For a few months I have been ruminating on an important decision; what kind of future do I want for my kids? for my family? How can I answer my own conscience every day in a way that won’t make me feel kind of sick?
When the boys were younger, under 3, I would daydream of full nights’ sleep, time to myself to read and think, forms of freedom I used to know. I accepted the idea that one day my kids would be in school as was so often repeated to me “Oh don’t worry, soon enough they will be in school and you will be able to start your life/career/goals again.” It used to be kind of refreshing to hear. Then, when the boys were close to 4, I suddenly started having some strange anxiety about my kids growing up. What was going to happen to my role as a mother? What did our future look like? They were growing so fast, becoming so independent. Nurturing them, feeding them, keeping them safe (while still important) would no longer encompass the breadth of my priorities/responsibilities. What exactly did it mean that I could ‘start my life again’ when the kids went to school? Why wouldn’t I want to spend every day with them if I was able?
As they headed to preschool, we decided it was a good time to have another baby. The boys would love a little brother or sister, we felt we were ready and as a plus, I would get to remain the kind of mom I had become accustomed to being.
I had a miscarriage after becoming pregnant the first month of trying and it was kind of devastating. It felt like the one thing I had counted on keeping my life moving forward was not in the cards. Then I became a bit sickened when I realized how much weight I had placed on it working out - on our family growing, as planned, and what my role would be. How could I be so dependent on something that was completely out of my hands? How desperate was I feeling, WHY was I feeling desperate at all?
There were many questions bomb-shelling my brain for weeks on end, but over time, I came to see that having the miscarriage may have been a “blessing in disguise” or “serendipitous tragedy”. It threw me. It really really threw me in a way that I couldn’t have seen coming. I started to turn around and look at the children I already have and I realized that they do still need me, and will continue to, for a very long time. Then I became aware of something that truly shifted my paradigm.

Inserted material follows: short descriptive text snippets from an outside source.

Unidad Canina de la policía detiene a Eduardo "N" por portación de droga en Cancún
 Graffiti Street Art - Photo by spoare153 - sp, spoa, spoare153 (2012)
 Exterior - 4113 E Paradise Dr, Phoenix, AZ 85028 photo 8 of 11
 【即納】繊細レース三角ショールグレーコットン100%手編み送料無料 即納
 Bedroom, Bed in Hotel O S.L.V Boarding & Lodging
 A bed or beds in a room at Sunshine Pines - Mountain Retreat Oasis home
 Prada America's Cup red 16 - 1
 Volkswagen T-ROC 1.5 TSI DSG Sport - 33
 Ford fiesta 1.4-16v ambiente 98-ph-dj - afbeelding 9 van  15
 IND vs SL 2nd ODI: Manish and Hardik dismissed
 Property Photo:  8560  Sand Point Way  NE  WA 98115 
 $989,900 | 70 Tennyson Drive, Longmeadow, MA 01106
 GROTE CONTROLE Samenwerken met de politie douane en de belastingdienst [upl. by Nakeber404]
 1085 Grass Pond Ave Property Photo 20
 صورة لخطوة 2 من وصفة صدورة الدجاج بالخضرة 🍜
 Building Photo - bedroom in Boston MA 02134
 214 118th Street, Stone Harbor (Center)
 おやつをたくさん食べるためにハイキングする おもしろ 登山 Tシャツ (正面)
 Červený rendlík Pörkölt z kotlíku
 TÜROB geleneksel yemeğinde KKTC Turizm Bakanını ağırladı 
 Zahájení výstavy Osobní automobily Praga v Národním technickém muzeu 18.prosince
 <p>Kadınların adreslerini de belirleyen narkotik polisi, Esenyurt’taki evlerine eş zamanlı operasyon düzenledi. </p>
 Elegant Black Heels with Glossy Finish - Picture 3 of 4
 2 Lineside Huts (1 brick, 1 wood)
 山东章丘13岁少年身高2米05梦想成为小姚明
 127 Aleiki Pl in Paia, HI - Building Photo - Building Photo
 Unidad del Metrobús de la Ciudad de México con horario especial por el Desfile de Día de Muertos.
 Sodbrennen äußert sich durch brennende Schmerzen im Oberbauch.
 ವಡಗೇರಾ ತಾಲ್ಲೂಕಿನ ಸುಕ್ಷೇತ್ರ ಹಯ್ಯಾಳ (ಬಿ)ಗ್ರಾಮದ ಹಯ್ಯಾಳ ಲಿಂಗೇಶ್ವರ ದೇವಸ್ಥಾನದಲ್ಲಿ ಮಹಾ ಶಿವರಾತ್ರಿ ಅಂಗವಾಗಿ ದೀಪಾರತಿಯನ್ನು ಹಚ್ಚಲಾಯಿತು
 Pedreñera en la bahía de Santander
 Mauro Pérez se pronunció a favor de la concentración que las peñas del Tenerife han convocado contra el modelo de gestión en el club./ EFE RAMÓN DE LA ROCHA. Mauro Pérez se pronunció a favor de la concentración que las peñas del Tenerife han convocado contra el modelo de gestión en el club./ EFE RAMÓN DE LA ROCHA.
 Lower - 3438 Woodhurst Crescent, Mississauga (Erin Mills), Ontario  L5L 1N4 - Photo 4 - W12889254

I don’t have to hand my kids off to an institution for the rest of their lives.
I really don’t.
The state will not take better care of them than we will. Some private or Christian schools may do a good job, but no one will love them like I do and support them in the ways that I can.
I feel I have to note here that I imagine a virtual chorus from people reading this that sounds something like ‘but kids need so much more than that, it would be very very hard to do’. I may be a bit paranoid, but I have started a type of tally in my mind of knee jerk responses from people that are rooted in an interesting dependence on the societal status quo.
There are options. Parents have brains and choices and resources at their disposal. I believe that every parent has to make these choices for themselves, they have to work within the realm of their own conscience to decide the best thing for their family. I am truly blessed to have a partner who supports me and our children, who has a completely different skill set than I and a different approach to life (and can make enough money to pay the bills for the foreseeable future). I love work- LOVE WORK. I know, though, that to do the work you love is the most meaningful way of living. Nothing brings me more joy than my family, seeing my children happy and fulfilled and confident and hopeful. The possibilities are endless. I’m not planning on sheltering my kids in our kitchen for years on end or trying to make them see the world as I do, or even fulfilling my own dreams for what I want them to do with their lives. I know the only thing that will bring me peace in old age, if I am lucky enough to get there, is the belief that I did everything I could to help them become critical thinking, self-reflective responsible people who know how to live joyfully. Institutions aren’t teaching these things to our children.
If anyone reading this knows that feeling and has always felt like they have to accept it and live with the bit of sadness, I encourage you to listen to your intuition and read - read what’s out there. See if there is a way to make it a better life.